- Your objective -
Take from the entries below the stretch from the line with "tout son sens…" through the line with "KS-RT-1697-ICP-Cover-01.jpg", and return it exactly, leaving the pictures out.

- Materials provided -
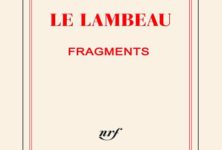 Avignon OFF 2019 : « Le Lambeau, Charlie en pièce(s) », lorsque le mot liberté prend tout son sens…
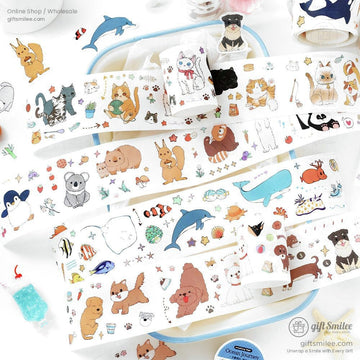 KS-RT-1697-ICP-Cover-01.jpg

...

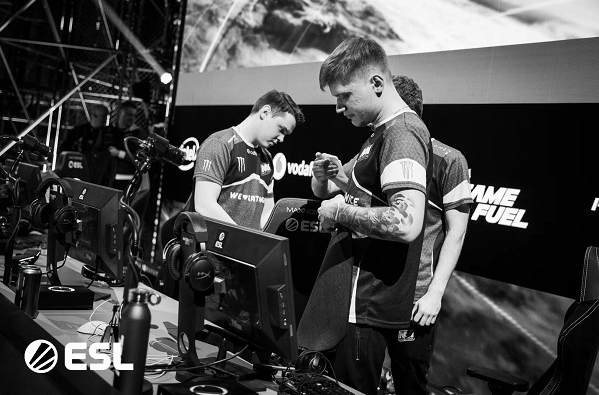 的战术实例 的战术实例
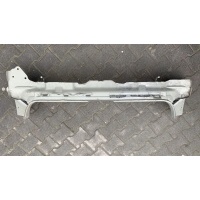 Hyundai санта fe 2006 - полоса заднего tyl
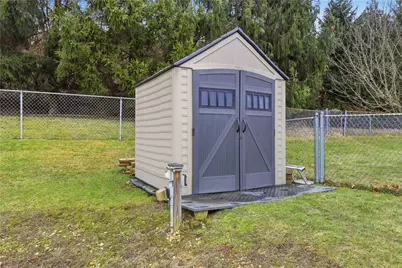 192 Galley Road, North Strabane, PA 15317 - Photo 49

- Response to the task -
 Avignon OFF 2019 : « Le Lambeau, Charlie en pièce(s) », lorsque le mot liberté prend tout son sens…
 KS-RT-1697-ICP-Cover-01.jpg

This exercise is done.